▶ Study material
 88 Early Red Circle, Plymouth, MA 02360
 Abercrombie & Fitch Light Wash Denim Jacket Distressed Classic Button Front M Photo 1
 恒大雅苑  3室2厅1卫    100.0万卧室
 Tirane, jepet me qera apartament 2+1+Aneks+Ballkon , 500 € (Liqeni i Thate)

---

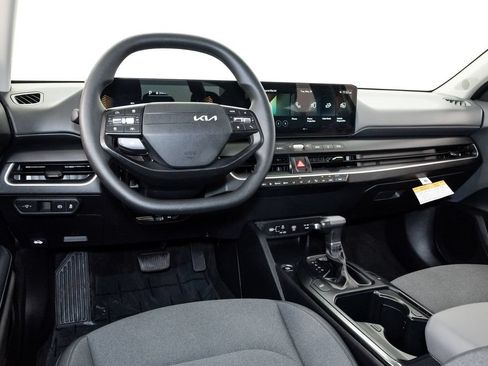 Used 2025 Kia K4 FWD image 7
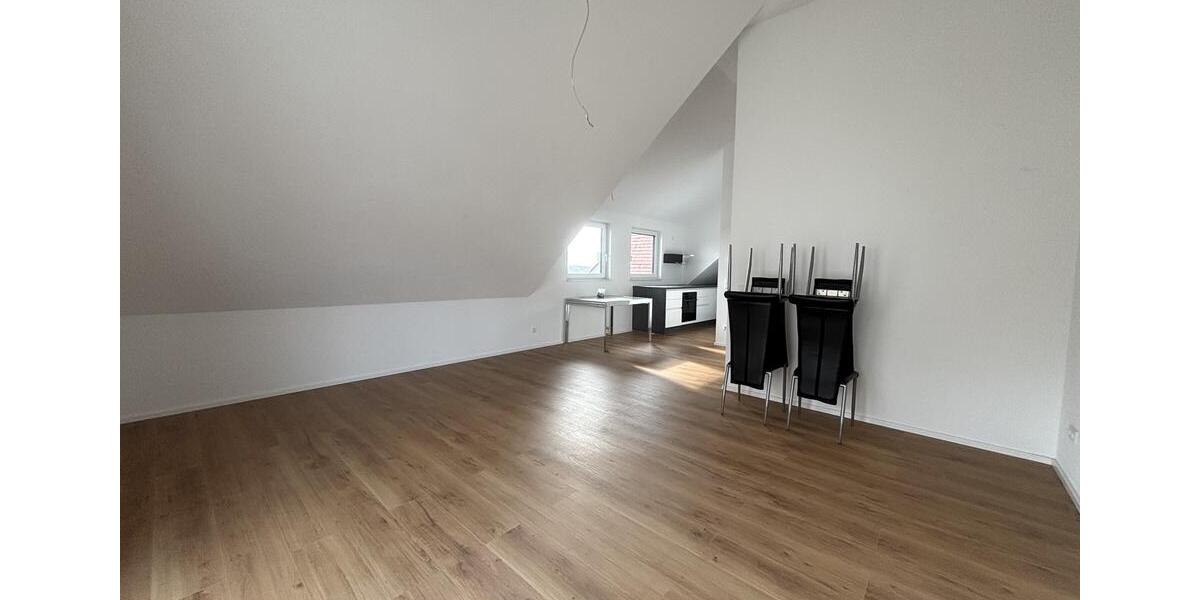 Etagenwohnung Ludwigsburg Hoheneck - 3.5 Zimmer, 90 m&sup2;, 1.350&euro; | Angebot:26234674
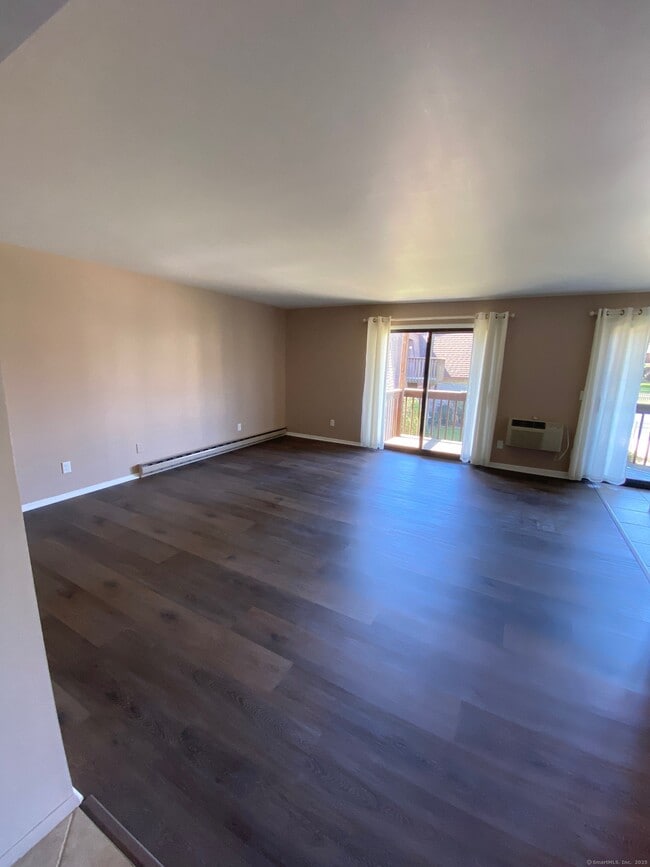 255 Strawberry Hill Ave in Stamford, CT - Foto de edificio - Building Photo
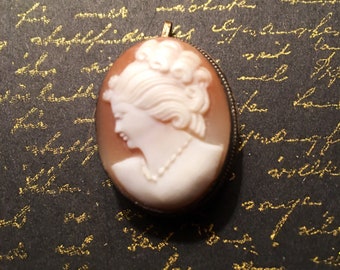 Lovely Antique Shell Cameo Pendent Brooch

▶ What this task involves
Work from the entries above. Set down exactly and only the lines from the line with "255 Strawberry Hill" to the line with "Lovely Antique Shell Cameo Pendent Brooch", both included, and leave the pictures out.

▶ Output
 255 Strawberry Hill Ave in Stamford, CT - Foto de edificio - Building Photo
 Lovely Antique Shell Cameo Pendent Brooch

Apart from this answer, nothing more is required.